Conceptualizing the (set theoretic) universe as a relation?

Question

The universe is the class $\mathcal{U} = \{x: x = x\} = \{x: x \text{ is a set}\}$.

Is there a way to define the universe in terms of a relation $R = \{(x,y): \psi(x,y)\}$, where $\psi(x,y)$ is some set theoretic formula in which $x$ and $y$ are the only free variables?

My question stems from having been given the following exercise:

What is $\mathcal{U}^{-1}$? Hint: recall that $R^{-1} = \{(x,y): (y,x) \in R\}$.

I am having difficulty making sense of the question itself as I am having a hard time conceptualizing the universe as a relation.
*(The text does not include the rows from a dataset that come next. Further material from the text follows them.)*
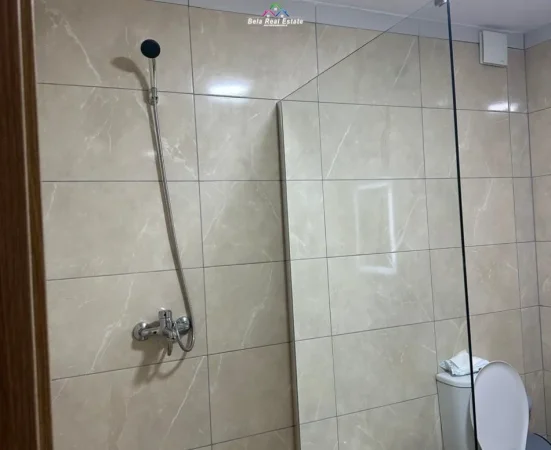 Tirane, jepet me qera apartament 1+1+Ballkon Kati 2, 78 m² 440 € (rruga 5 maji)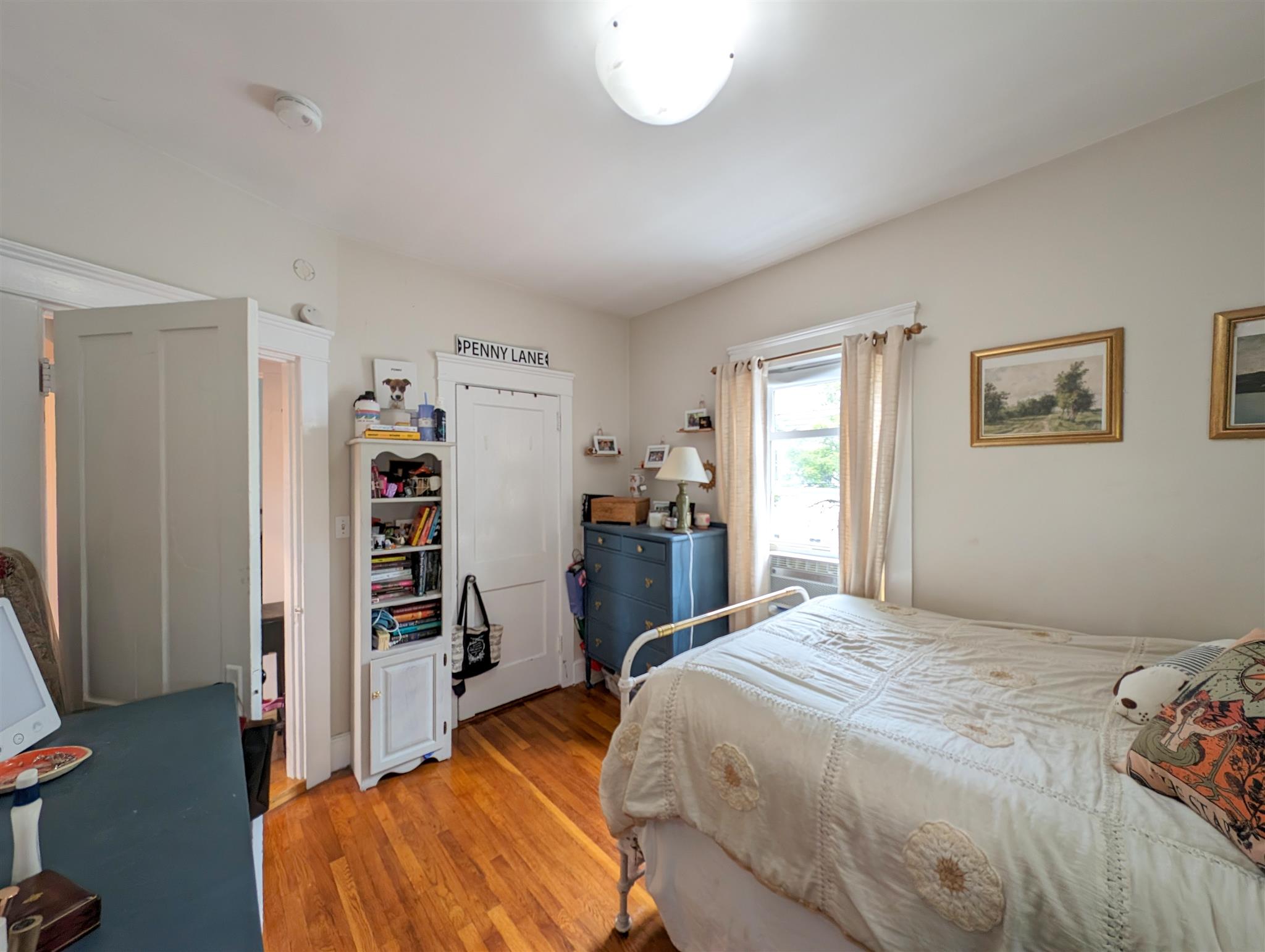 65 Medford St, South Medford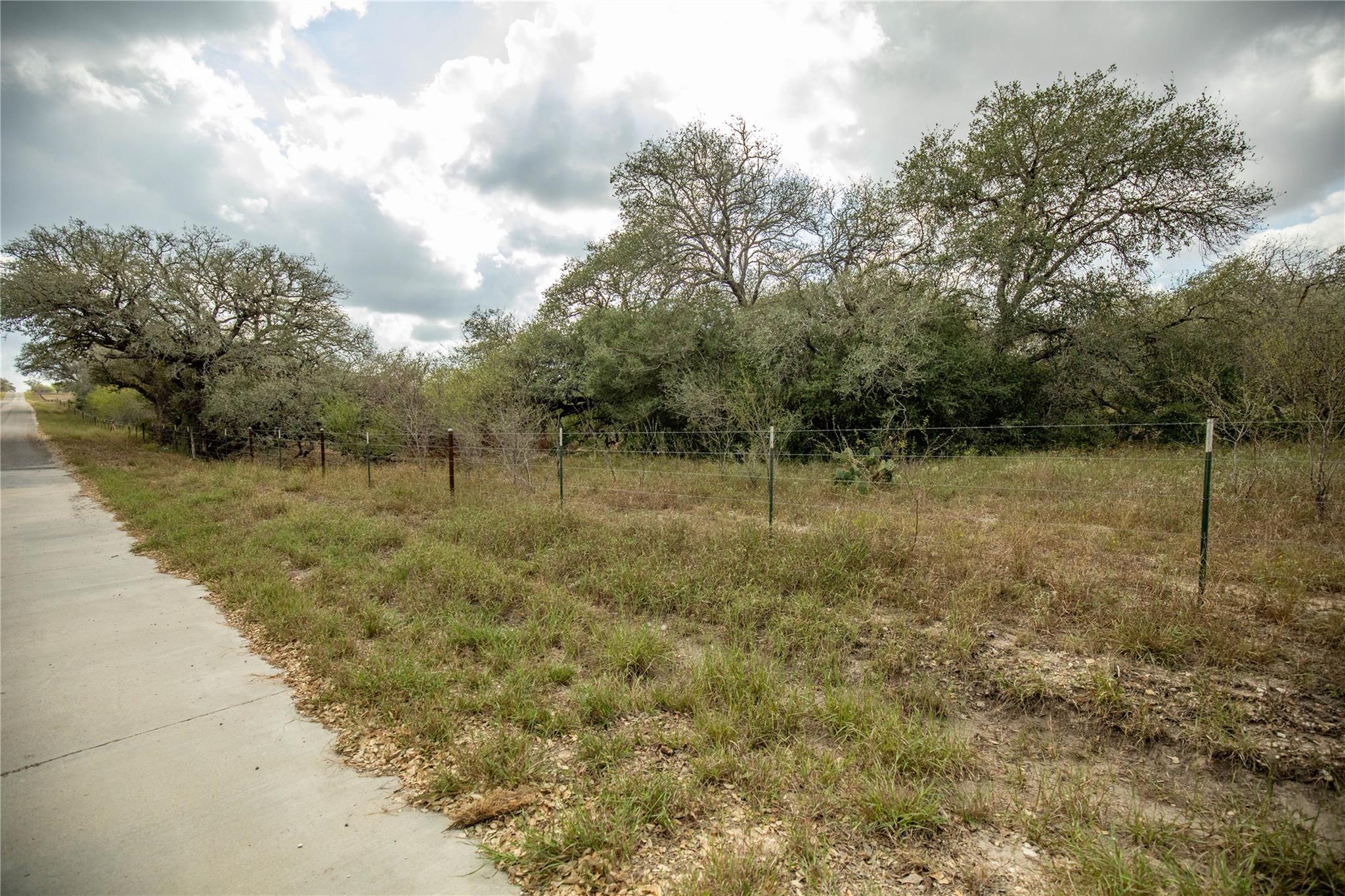 698 Hilbrich Rd, Westhoff, TX 77994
Edit: The notion of ordered pairs I am given is $(x,y) = \{\{x\},\{x,y\}\}$.

Answer 1

Assume the following definitions (as, for example, in Kelley's set theory) $$\{x\}=\{z:z\,\text{set}\implies z=x\}$$ $\{x,y\}=\{x\}\cup\{y\}$ and $(x,y)=\{\{x\},\{x,y\}\} $. Then $(x,y) $ is a set if and only if both $x $ and $y $ are sets. Consequently, we have \begin{align} \mathcal U^{-1} &=\{(y,x):(x,y)\in\mathcal U\}\\ &=\{(y,x):x,y\in\mathcal U\}\\ &=\mathcal U\times\mathcal U \end{align}

Answer 2

No, $\mathcal{U}$ is not a relation and there is not any useful way to conceptualize it as one. But the problem you are trying to solve in no way requires $\mathcal{U}$ to be a relation. Just use the definition: $$\mathcal{U}^{-1}=\{(x,y):(y,x)\in\mathcal{U}\}.$$ In other words, $\mathcal{U}^{-1}$ is the class of all ordered pairs $(x,y)$ such that $(y,x)\in\mathcal{U}$. For which $x$ and $y$ is $(y,x)\in\mathcal{U}$? If you can answer that, then you know what the elements of $\mathcal{U}^{-1}$ are.